The second introductory chapter set out the research agenda in more detail by analytically ordering the aspects of morality pertinent to the study of movements into the now familiar three dimensions: selves in interaction, rationalization and justification, and culture and tradition. As we stress, these dimensions should only be considered analytical tools to order our common exploration of the themes of the book, not distinct empirical phenomena. As we have already introduced the individual chapters and their results in the introduction, and since the aim of this book has been explorative, we will end it not by reiterating its contents, but by pointing to dilemmas and underdeveloped issues that have emerged across the contributions. If we are to revive the paradigm of morality in movements, these lacunae may help point to future agendas within the paradigm.

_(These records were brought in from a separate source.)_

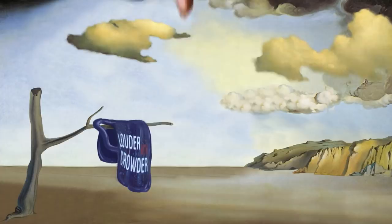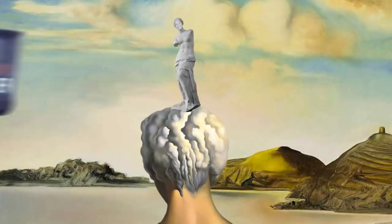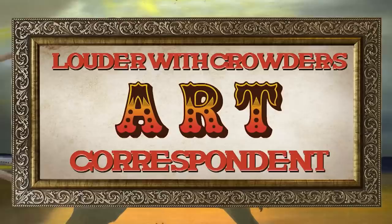Actually, now it is time for Smooth Manny, The Art Critic. All right, thank you very much for that wonderful intro. How are you doing there, Smooth Manny?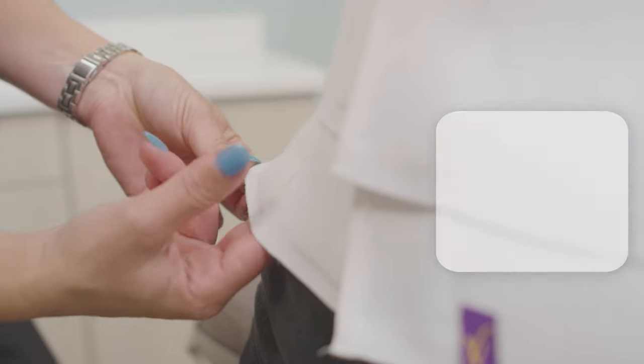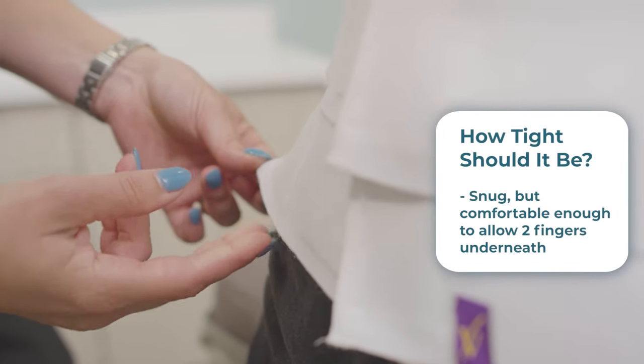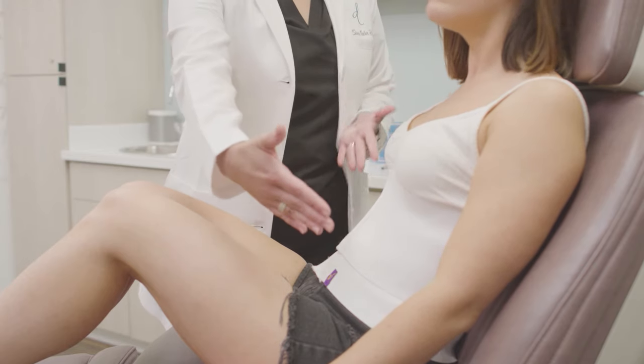Your abdominal binder should be snug but comfortable enough for you to insert two fingers underneath. You may wear a thin cotton t-shirt under the binder for extra comfort.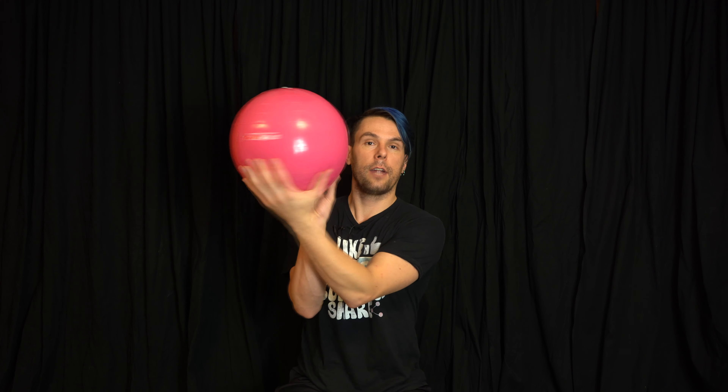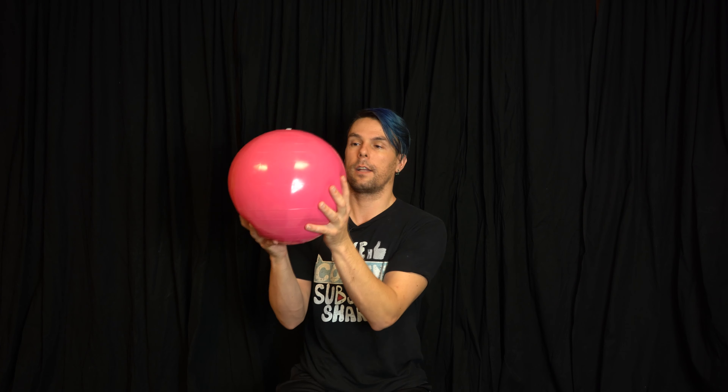If your hands are small you're going to have to use both hands. You put one hand on each side and do a scissoring motion — one goes forward, one goes back. Once you find a way that's comfortable, we're going to start practicing.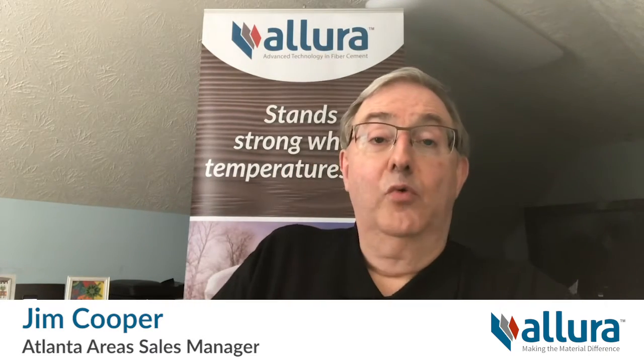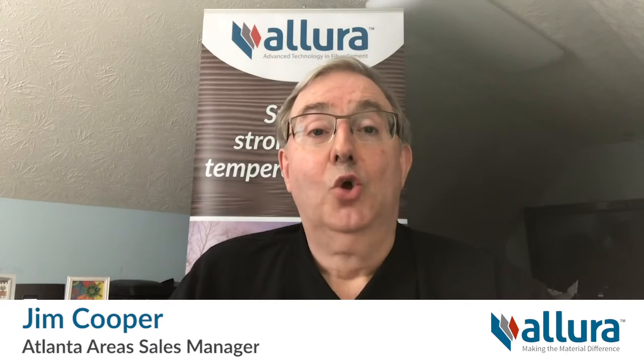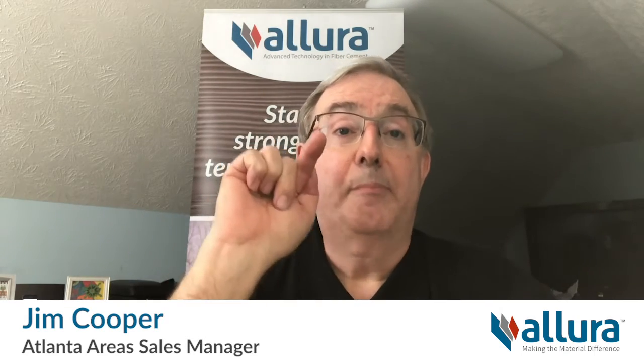Hello and welcome to this segment of Allura's series of know-how videos on Fiber Cement Trim. Whether you want the natural look of wood or the clean lines of a smooth finish, Allura Fiber Cement Trim is the perfect finishing touch to any siding job.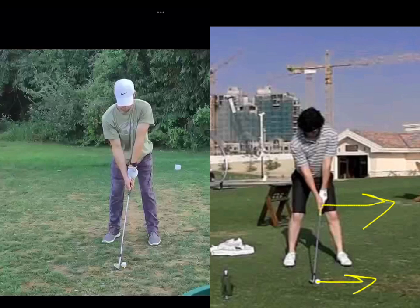Right now it's pointing slightly at the sky. So when you look at your right hand, you're going to rotate it a little bit counterclockwise until this little V between your thumb and your forefinger — we don't want it pointing just a little bit in between your chin and your shoulder. You've got your V pointing back here too much, all the way to the shoulder. The video that I referenced in that email will explain that as well.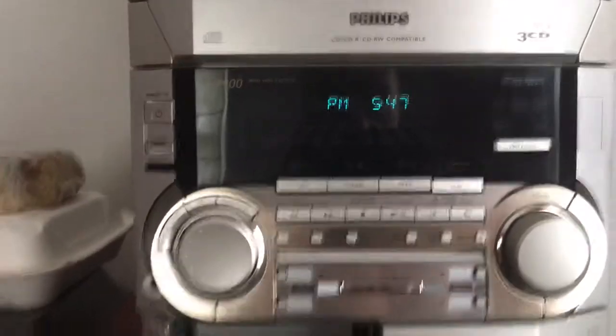It's not that hard. Now you have a clock on your Philips Stereo. Thank you guys for watching. Please like and subscribe and hit the notifications. I'll see y'all in the next video. Peace out.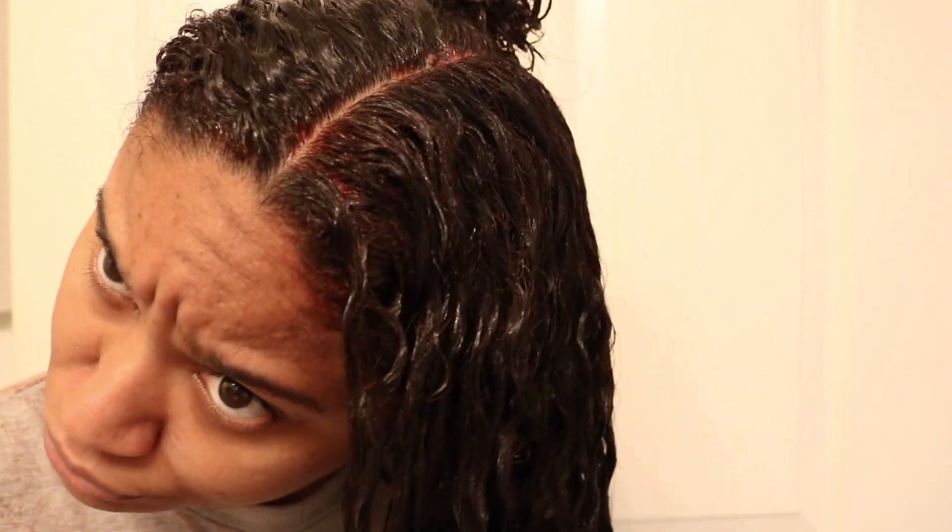My hair is fully covered with the dye. As you can see, my roots are starting to process fairly quickly. I do have dye all over my scalp, so hopefully that comes out. I'm going to go ahead and leave this dye on until I think it's ready.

The first lacuna relates to the type of movements that the research field addresses. As McAdam points out in Chap. 3, movement scholars tend to favor studies of movements with which they sympathize. While the apparently enigmatic “Trump voter” has recently become the center of attention for a host of sociological books, it remains a fact that backlash and conservative movements, such as the anti-gender movements that Svatoňová (Chap. 11) and Kalm and Meeuwisse (Chap. 13) portray in this book, are understudied. Well-organized conservative evangelical anti-gender groups, backed by wealthy and influential donors, are no longer the US American phenomena they used to be. In Europe as well, such groups are increasingly affluent and intra- and supranationally organized (Datta, 2021; Graff and Korolczuk, 2021). Authoritarian leaders and religious establishments organize “astroturf movements,” while popular nationalist and religious-conservative movements are on the rise almost everywhere around the globe. It is highly important to understand how conservative groups organize, network, and are funded, but it is similarly important to better understand the cultural form and content that such groups use to mobilize. Social movement scholars have a clear role in providing a deeper understanding of the morality involved in these types of movements, such as the sense of lost privilege in the family, private, and public spheres as demonstrated in this volume. Movement scholars can show how backlash is not simply a matter of demographics but also a matter of mobilizing around a common moral vision. In Chap. 3, Alexander points to cultural processes of “pollution,” mainly as a way for dominant groups to exclude minorities, but it is a small step to see how, for instance, “aggrieved entitlement” (Kalm and Meeuwisse) leads to the pollution of certain cultural opponents as folk devils (Svatoňová).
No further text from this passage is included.